Slice of Life
Compiled by Sandra Lowe
From the South China Morning Post this week in: 1963
Hongkong, April 8
An eight-year-old girl was severely burned when a flaming kerosene stove, hurled from a police van, set her clothes on fire. She was taken to Queen Mary Hospital with burns to 30 per cent of her body. Her condition was described as 'fair'.

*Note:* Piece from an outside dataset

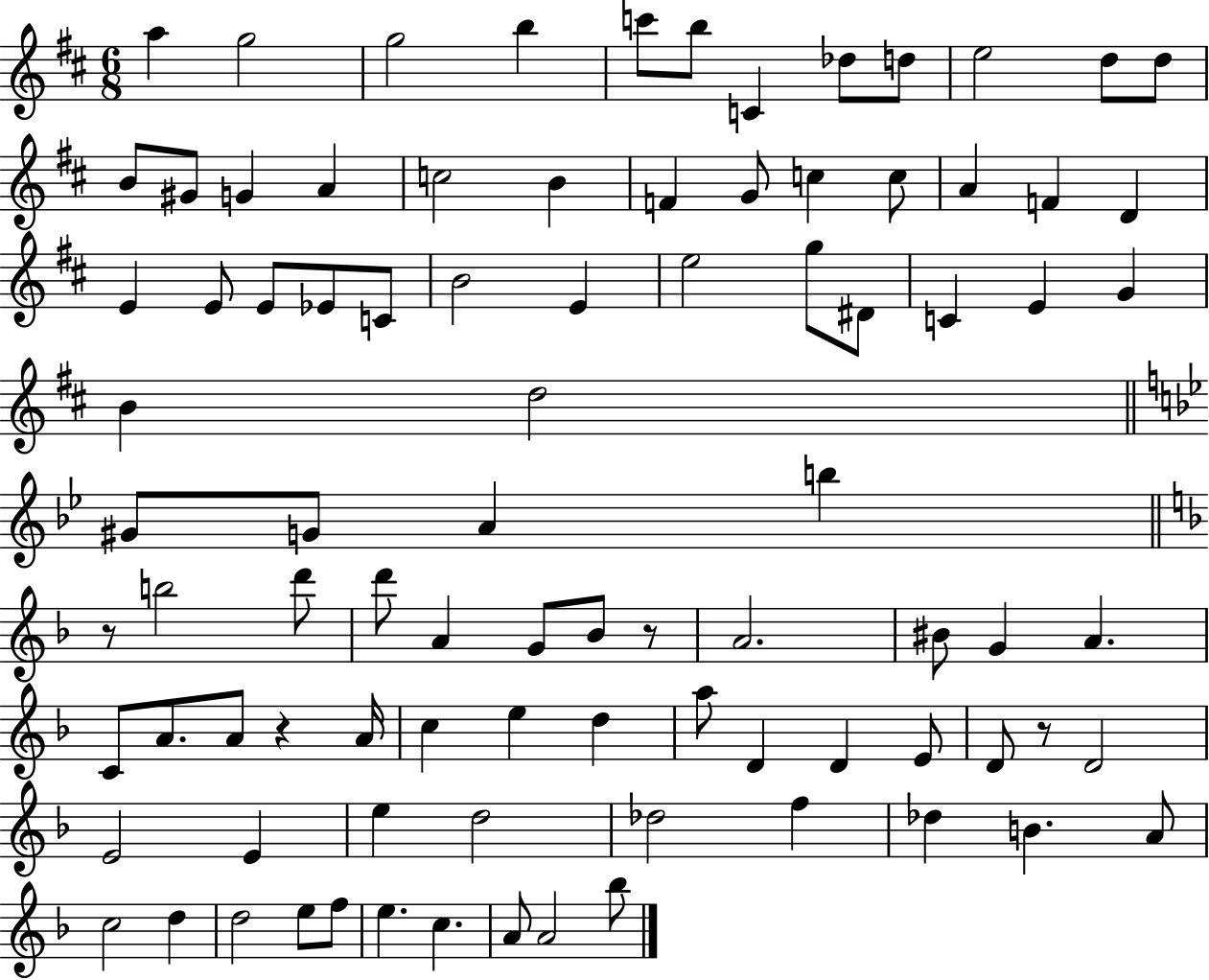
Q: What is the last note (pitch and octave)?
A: Bb5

The accident happened when one of two stoves impounded by police when they arrested two unlicensed cooked-food sellers burst into flames in the back of the police van. Police had blown on both wicks to extinguish them, but when flames began to leap inside the van, a corporal picked up the stove and hurled it into the roadway.
Canberra, April 8
Australia will switch to decimal coinage in February 1966. Mr Harold Holt, the Federal Treasurer, said the major unit would equal 10 present shillings and would be divided into 100 parts, each equal to 1.2 pence. An authority would be set up later this year to examine questions such as the denomination of major monetary units, the size of banknotes and the metallic content of the coinage. The present currency would cease to be legal tender at the end of 1967.
Nassau, April 8
Nine anti-Castro Cuban refugees were arrested on Andros Island after an unarmed British officer wearing only flippers, swimming trunks and his red paratrooper beret waded ashore and asked them to surrender. Lieutenant Colonel John Pine-Coffin of the Joint Services Headquarters, Nassau, flew to Andros Island, midway between Florida and Cuba, in a Widgeon seaplane. He crossed 200 yards of waist-deep mud to reach a mangrove swamp. He walked a mile inland to a group of huts where he found the Cubans. 'I had a few dicey moments,' he said. 'But finally I enjoyed a meal of rice, onions, tomatoes and Spam that the men prepared.'
Taipei, April 8
Police arrested a fruit vendor described as a founder of a sect that eats duck eggs to ward off death. The vendor was Lin Kang-hamm, father of seven children and a member of the four-year-old outlawed Duck Egg Sect. Police said sect members, estimated to total 100,000, were convinced the end of the Earth was approaching and the only way to avoid death was to eat duck eggs. The sect believed the eggs would save them from being injured in a nuclear war.
Augusta, April 9
Jack Nicklaus, the 23-year-old professional from Ohio, won the American Masters Golf Tournament by a stroke. His 72-hole total was 286. Nicklaus, who had also led after three rounds, finished with a par-72. Nicklaus, last man on the course, needed a two-foot putt for his par-four at the 18th to win. He almost missed it. The ball curved towards the cup, hit the rim and dropped in as the large crowd let out a roar. Defending champion Arnold Palmer had a final round of 71, one under par, to finish on 291 - five strokes behind Nicklaus. His victory was worth US$20,000.
London, April 9
Two small volumes in a tin box found in a blitzed London warehouse are throwing light on the origins of a multimillion-pound business - organised tours. In them a 'Miss Jemima' recounts the first organised tour 100 years ago, through Switzerland, led by evangelist and champion of the temperance movement Thomas Cook. His love of travel was so great that he journeyed 2,692 miles in 1829, walking 2,106 of them. On June 26, the centenary of Cook's first organised tour will be celebrated by a 12-day re-enactment led by his great-great grandson.
Hongkong, April 10
The Hongkong Chinese Engineers' Institute decided to compromise and accept a wage increase of 30 cents, instead of 40 cents as originally asked. The basic wage is 80 cents an hour.